The explorers continued downstream the next day. “A fine morning calm and fair,” Clark wrote. “We set out at 9 o’clock past a very bad rapid at the head of an island close under the starboard side. Above this rapid on the starboard side is six lodges of natives drying fish. At 9 miles passed a bad rapid at the head of a large island of high, uneven rocks jutting over the water; a small island in a starboard bend opposite the upper point, on which I counted 20 parcels of dried and pounded fish; on the main starboard shore opposite to this island five lodges of Indians are situated. Several Indians in canoes killing fish with gigs”—spears—“and nets.”
They were approaching the largest of the waterfalls, later called Celilo Falls. “On the starboard side is 17 lodges of the natives,” Clark wrote. “We landed and walked down accompanied by an old man to view the falls, and the best route for to make a portage.” Below the falls was another set of rapids. “At the lower part of those rapids we arrived at 5 large lodges of natives drying and preparing fish for market,” Clark recorded.
This was an important observation, implicit in the large scale of the operations they had seen but now acknowledged explicitly. The Indians controlling this stretch of the river caught and processed far more salmon than they could consume; the pounded fish in all those baskets was for sale to customers from up the river and down. The trade network sustained by the salmon industry at this location stretched from the Pacific on the west to the Missouri River on the east.

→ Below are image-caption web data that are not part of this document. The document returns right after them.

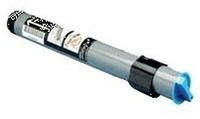 Original Konica Minolta A11G450 / TN319C Toner cyan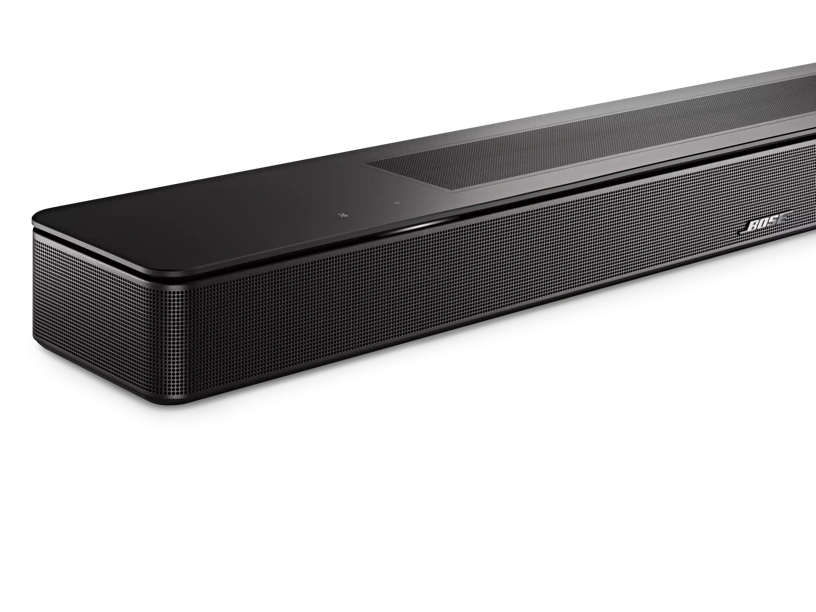 Bose Smart Soundbar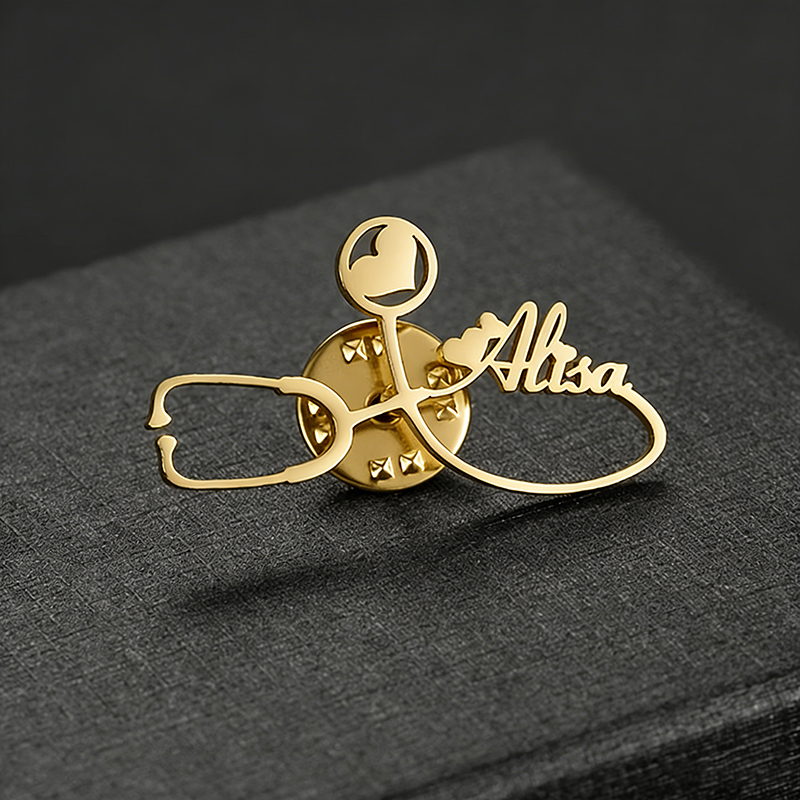 Auxauxme Custom Stethoscope Na - đánh giá và giá Stethoscope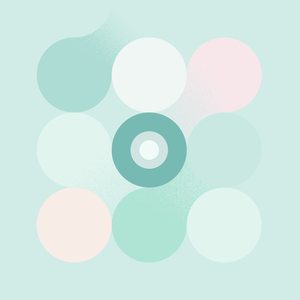 jizzjizzjizzjizz国产
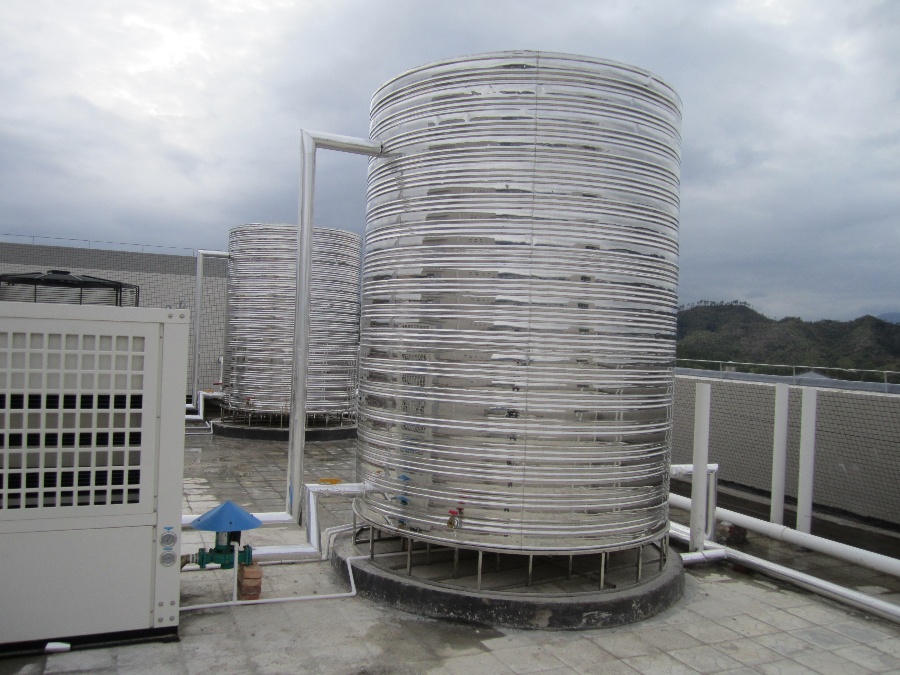 ����ֱ���ˮ��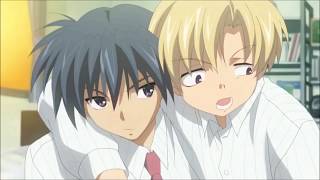 Sunoharas Funny Moments Part 1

Clark recorded further details of the operations. He described a place where the basaltic islands in the river served as platforms for fishing and processing. “On those islands of rocks as well as at and about their lodges, I observed great numbers of stacks of pounded salmon beautifully preserved in the following manner: after sufficiently dried, it is pounded between two stones fine, and put into a species of basket neatly made of grass and rushes, of better than two feet long and one foot diameter, which basket is lined with the skin of salmon stretched and dried for the purpose. In these it is pressed down as hard as is possible. When full, they secure the open part with the fish skins across which they fasten, through the loops of the basket, that part very securely. And then on a dry situation they set those baskets, the corded part up. Their common custom is to set 7 as close as they can stand, and 5 on the top of them, and secure them with mats which are draped around them and made fast with cords and covered also with mats. Those 12 baskets of from 90 to 100 weight each form a stack. Thus preserved, those fish may be kept sound and sweet several years, as those people inform me.”
The explorers moved on, reaching the Pacific weeks later. The Indians of Celilo Falls maintained their business of catching and drying salmon for another century and a half, until a dam at the narrows of the river created a lake that submerged the falls.